For more information go to:
The judicial process
No victim will ever be compelled to disclose details to the police against his or her will.
Below is an overview of the steps involved in the judicial process once an assault is reported.
- Filing a complaint with police
- When a victim decides to report an assault (right away or years after it occurred), he or she must file the complaint with the police department in the municipality where the assault took place. The police officer will take a statement detailing as many facts as the victim can remember.
Young children have access to a special procedure to facilitate the process: A child-victim’s testimony is video-recorded during the first interview with police officers. This procedure spares the child from having to repeat his or her story numerous times, for example, to the DYP, the Crown Prosecutor, etc. However, if the case goes to trial, the child will have to testify as to the statements made during the recorded interview. If necessary, the child can testify in a separate room designed specifically for this purpose, which will ensure he or she does not have to see the accused while testifying. The child’s testimony is always required, save in exceptional circumstances. Only the trial judge can decide otherwise.
- Police investigation
- The investigator (not necessarily the same person who took the statement) conducts an investigation to verify the validity of the complaint.
- Laying of charges
- Once the investigation is complete, the investigator submits his or her report to the Crown Prosecutor, who makes sure that the file contains enough evidence to support legal proceedings.

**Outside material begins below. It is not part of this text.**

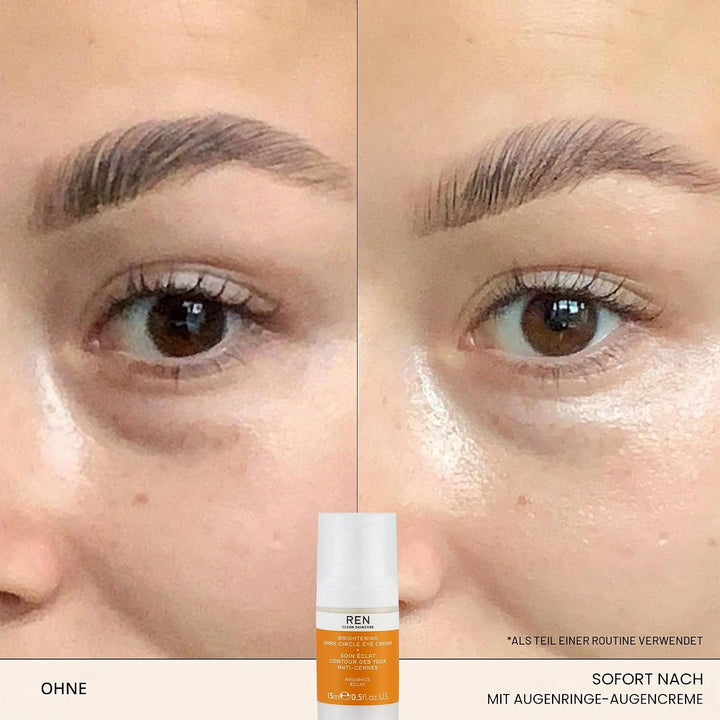 Radiance Brightening Dark Circle Eye Cream Sheabutter Dark Circle Augencreme, Dark Circle Augencreme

- If the complaint is upheld, the suspect is brought before a judge and informed of the charges brought against him or her. The suspect then enters a plea of guilty or not guilty.
- Guilty plea
- If the accused pleads guilty, there will be a hearing to determine his or her sentence.
- The sanction ordered by the judge, which can include a reprimand, jail time, etc.
- Not guilty plea
- If the accused pleads not guilty, the following steps take place.
- Preliminary hearing
- This step takes place shortly after the defendant pleads not guilty. The purpose is to determine if there is sufficient evidence to bring the accused to trial. If so, then a trial will take place.
- The purpose of the trial is to determine whether the accused did indeed commit the crime with which he or she is charged. Attorneys for the defence and the Crown present their evidence, and witnesses are called by both parties to testify.
- After the trial, the judge renders a decision regarding the guilt or innocence of the accused.
The accused is found guilty of one of more charges, and his or her sentence is read out in court.
The accused is acquitted of the charges against him or her.
A “not guilty” verdict does not mean the offence never occurred. In our justice system, “not guilty” simply means that there is reasonable doubt as to the guilt of the accused.